35.200, Review: Explainable Natural Language Processing: Søgaard (2021)

Tue Jan 16 16:05:04 UTC 2024

LINGUIST List: Vol-35-200. Tue Jan 16 2024. ISSN: 1069 - 4875.

Subject: 35.200, Review: Explainable Natural Language Processing: Søgaard (2021)

Moderators: Malgorzata E. Cavar, Francis Tyers (linguist at linguistlist.org)
Managing Editor: Justin Fuller
Team: Helen Aristar-Dry, Steven Franks, Everett Green, Daniel Swanson, Maria Lucero Guillen Puon, Zackary Leech, Lynzie Coburn, Natasha Singh, Erin Steitz
Jobs: jobs at linguistlist.org | Conferences: callconf at linguistlist.org | Pubs: pubs at linguistlist.org

Homepage: http://linguistlist.org

Please support the LL editors and operation with a donation at:
           https://funddrive.linguistlist.org/donate/

Editor for this issue: Justin Fuller <justin at linguistlist.org>
================================================================

Date: 16-Jan-2024
From: Viatcheslav Yatsko [iatsko at gmail.com]
Subject: Computational Linguistics: Søgaard (2021)

Book announced at https://linguistlist.org/issues/32.3671

AUTHOR: Anders Søgaard
TITLE: Explainable Natural Language Processing
SERIES TITLE: Synthesis Lectures on Human Language Technologies
PUBLISHER: Morgan & Claypool Publishers
YEAR: 2021

REVIEWER: Viatcheslav Yatsko

SUMMARY

This book focuses on a new subfield of NLP that has been intensely
developing during the last decade. Wide use of neural networks and
deep learning models that apply black box techniques gave rise to
Explainable Natural Language Processing that aims at explaining to the
user how the system obtained the given result, which is important for
building trust in the system's functioning and getting important
feedback for improving its quality [1]. The author of the book
presents a taxonomy of approaches to explainable NLP to accelerate
progress in this emerging subfield.

The book comprises the Introduction (the author also calls it "Chapter
1") and twelve chapters, as well as links to programming resources
(Chapter 13), and an extensive bibliography that includes references
to the works dealing with the subfield's problems.

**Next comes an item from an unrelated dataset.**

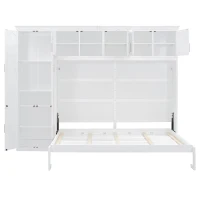 Queen Size Murphy Bed with Cabinets, Space-saving Design and Integrated Storage, Easy assembly, 117.5" L x 16" W x 88" H, White(m-12)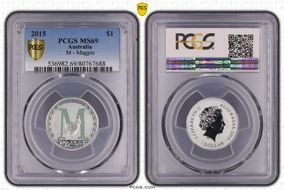 2015 $1 M - Magpie Al-Br Colorized MS69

In the Introduction the author shows the importance of taxonomies for
structuring the newly formed subfield and also reviews existing
approaches to Explainable NLP. He distinguishes between two main types
of explanation methods, viz. local-global and forward-backward. Local
methods are typically interested in behavior on specific samples;
global methods typically train new parameters on larger samples to
evaluate the learned representations globally. Local methods are often
used to explain the motivation behind critical decisions, (e.g., why a
customer was assessed as high risk), whereas global methods are used
to characterize biases in models and evaluate their robustness.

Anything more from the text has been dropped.